July 6th was day 186 of 2016. That was my first full day on this sober journey.
The weekend leading up to that day, was around the pool, munchies, hanging with family and inactivity (other than yardwork) and a number of beers.
The wife had declared that she was quitting alcohol a few weeks before the fourth of July. I’d been curbing my intake for a while and experienced some minor improvements, mostly corrections to some self inflicted issues (more on that later), so I said I would join her after the holiday weekend.
Did I find it hard? Not exceptionally. I was a habitual drinker. I didn’t feel any sense of addiction. I never felt that it had affected my long term judgment and had never been significantly destructive other than a slow start from hangovers with extra cups of coffee, diarrhea and the occasional acetaminophen. Or at least, that’s what I thought going into it. Like any habit, the biggest challenge was just not falling into the same routines that I typically drank around.
What were my drinking routines? Friday nights vegging out in from of the TV with the wife. Dinners out, not many, but generally at least one, that led to more when I got back to the house. Time around the pool, where you want to turn the time at home into a miniature vacation. Yard works gritty sweaty challenges were always refreshed with an ice cold beer cooling the back of my throat. Sometimes even an icy tequila shot with lime and salt. Any time that I was on a vacation. A fire pit going on a cold day was always topped up with a beverage. Of course, there were times when just being alive was enough or the anniversary of some kind whether positive like a wedding or negative like the passing of a parent or friend.
I will say that the first two weeks the thought occurred to me to grab a beer once in awhile around those triggers. But I fought that by reminding myself that doing so could further screw with my heart and I want to be around for a while. I have too much still to do.
What were the first benefits of being sober that I can remember?
Sleeping: I slept through the night, fell asleep easier and began dreaming.
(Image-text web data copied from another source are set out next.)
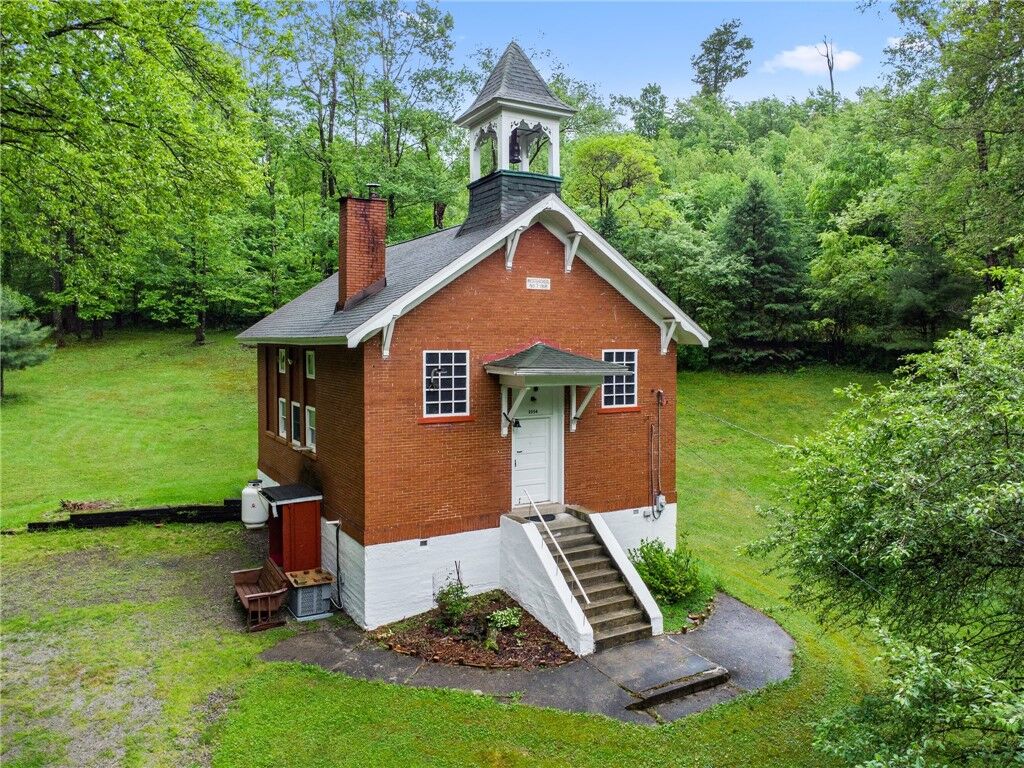 Property Photo: 2554 Route 259 PA 15923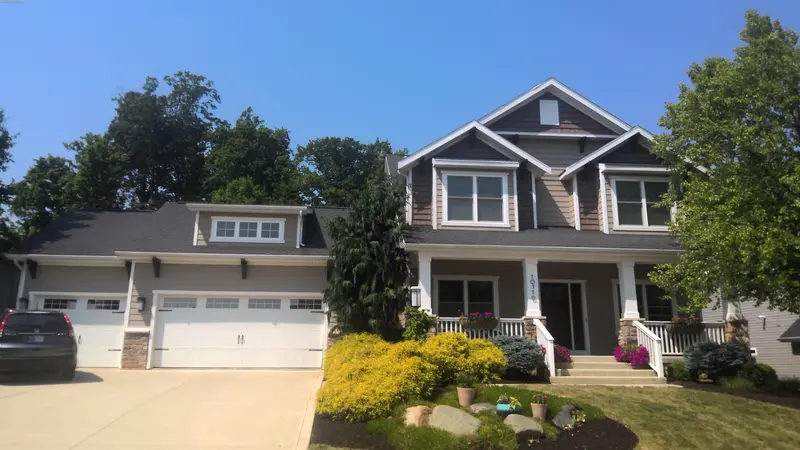 Property photo: 10716 AZBURY BLVD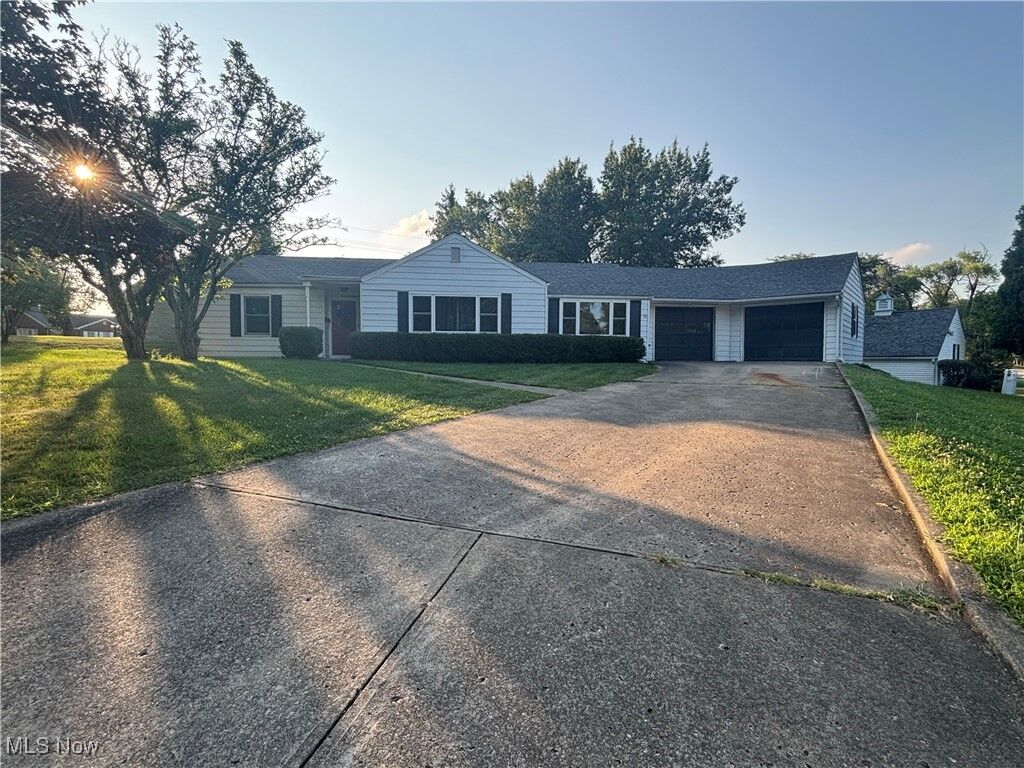 Property Photo: 2655 E Ridgewood Circle OH 43701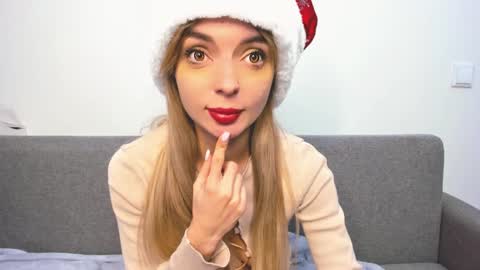 Snapshot of ellen_flow chatting on December 21, 11:11 am ellen_flow online show from December 21, 11:11 am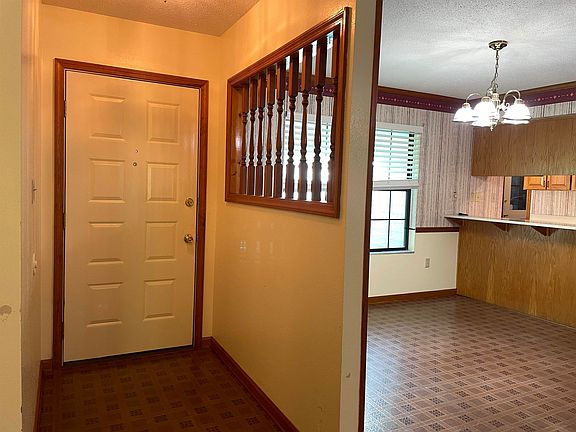 3rd image of 3516 Clifden Dr
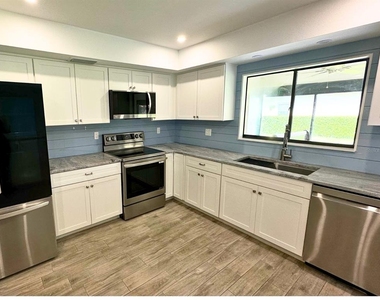686 Augusta Road - Photo Thumbnail 8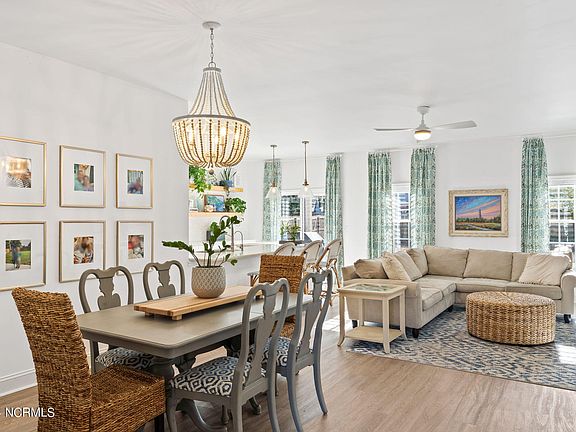 4th image of 1019 Winterberry Circle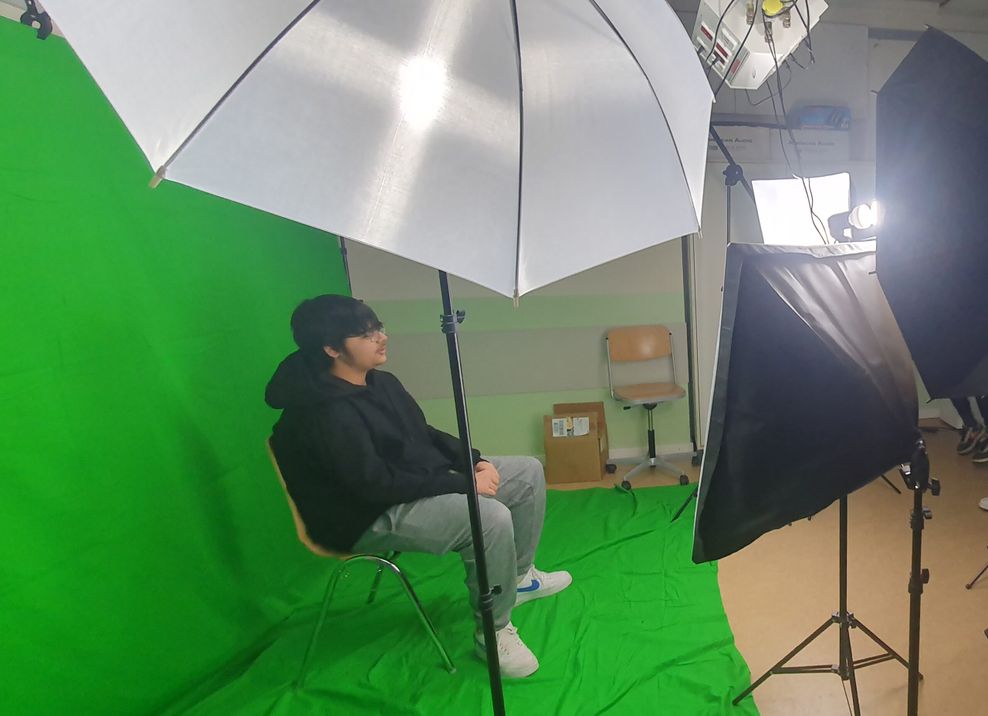 Onkar beim Dreh des Videos vor dem green-Screen.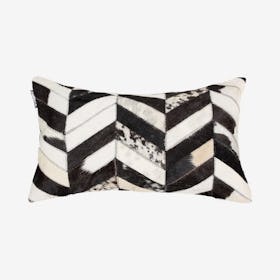 Torino Chevron Pillow - Black / Natural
In my regular drinking days, even when I slowed down, sleep was superficial and not restful. I would frequently take melatonin to take the edge off. And typically my nights were interrupted with a couple trips to the restroom through the night or drinking water to fight back the regular dehydration that goes with drinking. And getting back to sleep was never easy.
Somewhere around the three week mark of ‘being dry’, it occurred to me that I’d slept the entire night through. No water wake ups. No bathroom breaks. No headaches.
And then somewhere around four to five weeks, I started dreaming again. And not the nightmarish kind, just the normal weird meandering but oddly enjoyable and occasionally memorable kind. Based on what I’ve read in the past (I’m no expert by any stretch) but this is an indicator that I was experiencing REM (rapid eye movement) sleep which, albeit not scientific indicates that my sleep patterns were more restful.
Don’t get me wrong, I recall having a dream or two during my drinking days. But nothing as restful as what I began to experience and when I did dream while drinking they were generally nightmares.
Along with the improved sleep, of course, I woke feeling better to start the day. At the time of this article, after nearly five months dry, my sleep routines are so much easier on me, I feel more rested in less time and periodically when circumstances require, I’m able to handle extended hours in spite of stressful circumstances. My joint aches and muscles are significantly reduced and primarily related to physical exertion than an overall general malaise with dehydration and alcohol. Just a few more benefits of being dry.